══ Available records ══

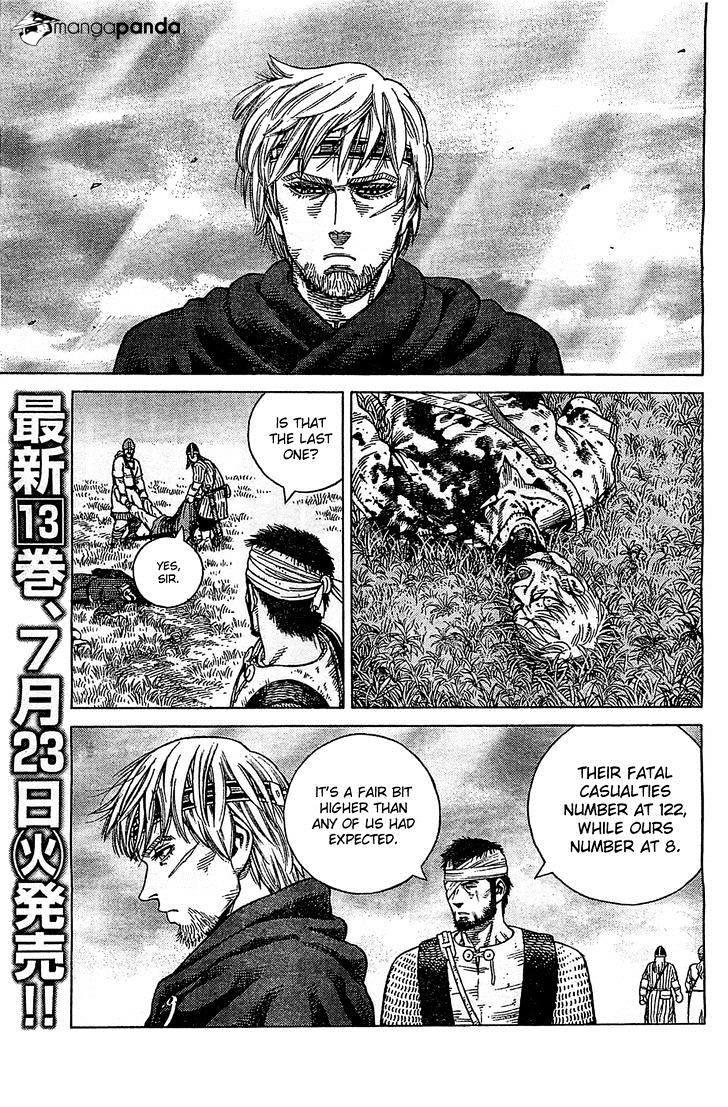 Vinland Saga, Chapter 94 image 01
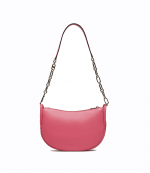 Large Chain Messenger Bag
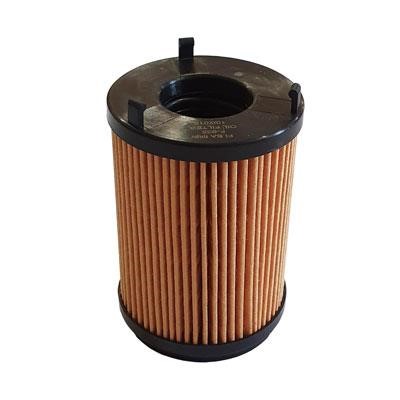 FI.BA filter F-835 Oil Filter F835: Buy near me in Poland at 2407.PL - Good price!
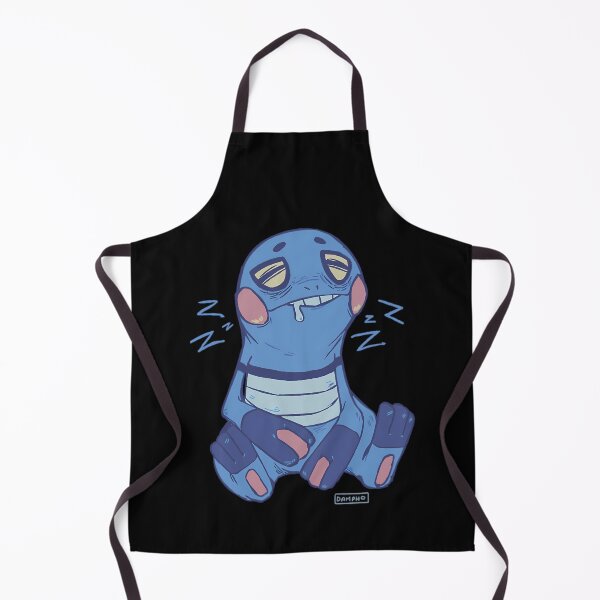 Item preview, Press Startt- Croagunk designed and sold by Borkadi.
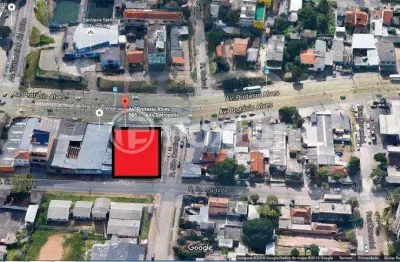 Barracão / galpão / depósito à venda na avenida protásio alves, 5851, vila jardim, porto alegre, 1373 m2 por r$ 3.720.000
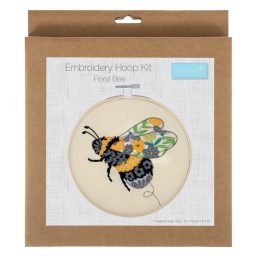 trimits-kits-embroidery-kit-with-hoop-floral-bee-embroidery-kit-with-hoop-floral-bee-5022306805382.jpg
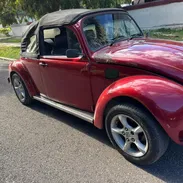Se vende vw escarabajo - Img 55308338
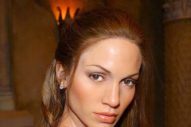 I Found a Horrible Old Waxwork of J.Lo, The Queen, Fergie, and More
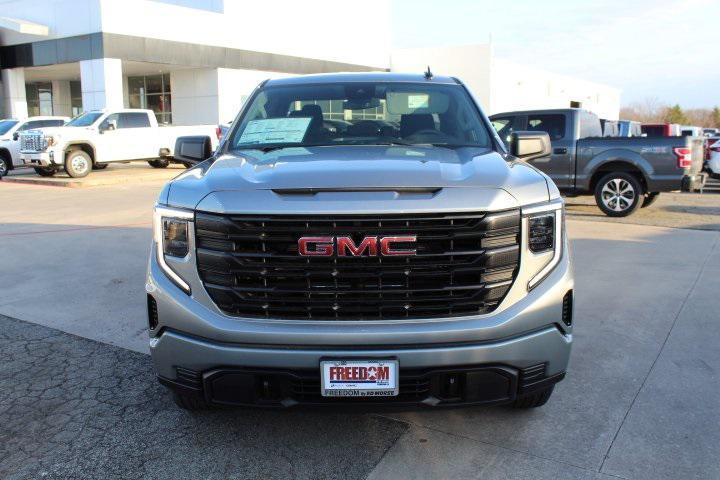 new 2025 GMC Sierra 1500 car, priced at $36,904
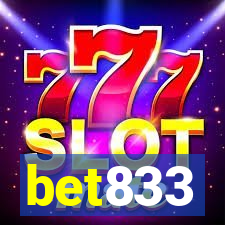 bet833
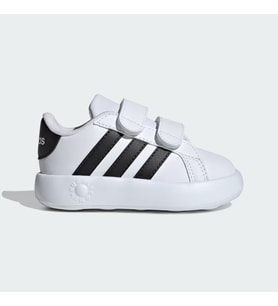 Adidas ID5271 Grand Court 2.0 Cf I Bebek Günlük Spor Ayakkabısı (Beyaz)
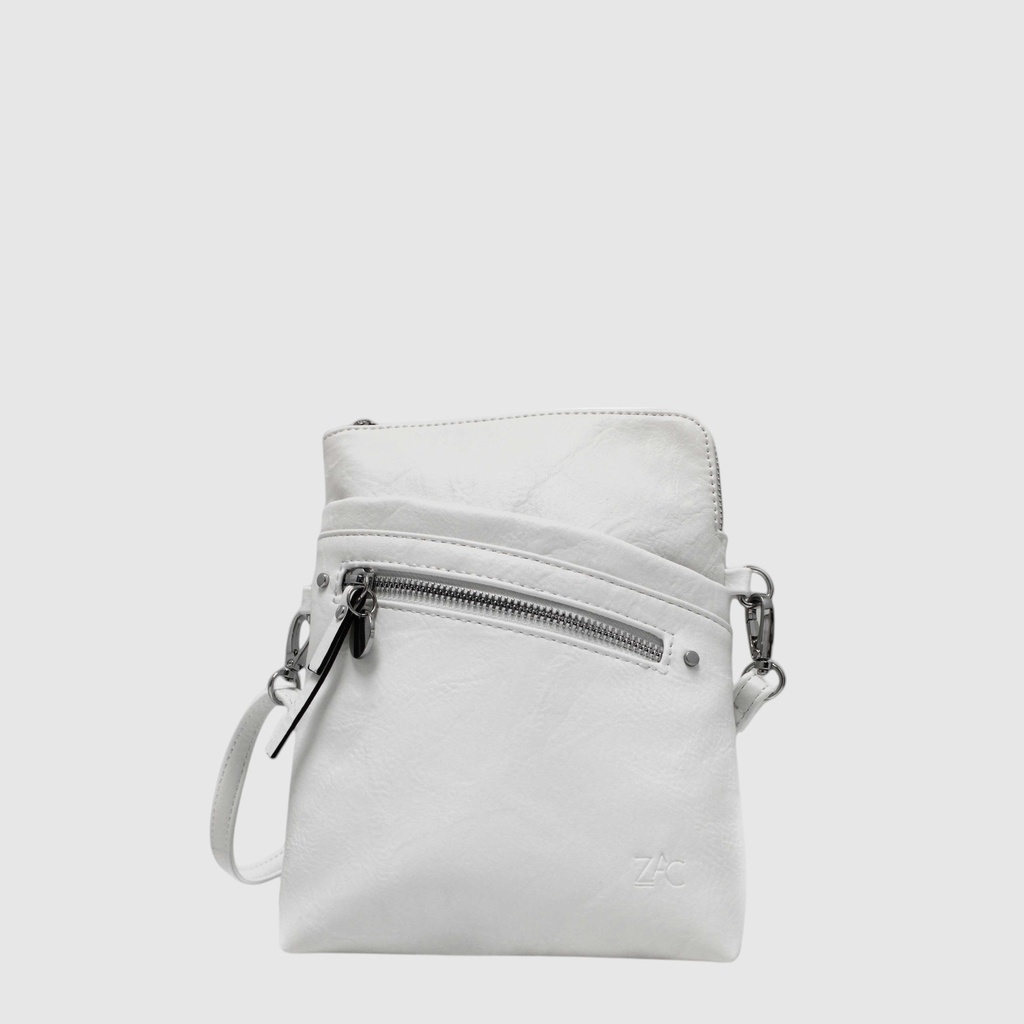 Petit sac à main bandoulière amovible – ZAC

═══

■ **Exercise requirements**:
Every line of the records above must reappear exactly, though the pictures must not.

■ **Exercise solution**:
 Vinland Saga, Chapter 94 image 01
 Large Chain Messenger Bag
 FI.BA filter F-835 Oil Filter F835: Buy near me in Poland at 2407.PL - Good price!
 Item preview, Press Startt- Croagunk designed and sold by Borkadi.
 Barracão / galpão / depósito à venda na avenida protásio alves, 5851, vila jardim, porto alegre, 1373 m2 por r$ 3.720.000
 trimits-kits-embroidery-kit-with-hoop-floral-bee-embroidery-kit-with-hoop-floral-bee-5022306805382.jpg
Se vende vw escarabajo - Img 55308338
 I Found a Horrible Old Waxwork of J.Lo, The Queen, Fergie, and More
 new 2025 GMC Sierra 1500 car, priced at $36,904
 bet833
 Adidas ID5271 Grand Court 2.0 Cf I Bebek Günlük Spor Ayakkabısı (Beyaz)
 Petit sac à main bandoulière amovible – ZAC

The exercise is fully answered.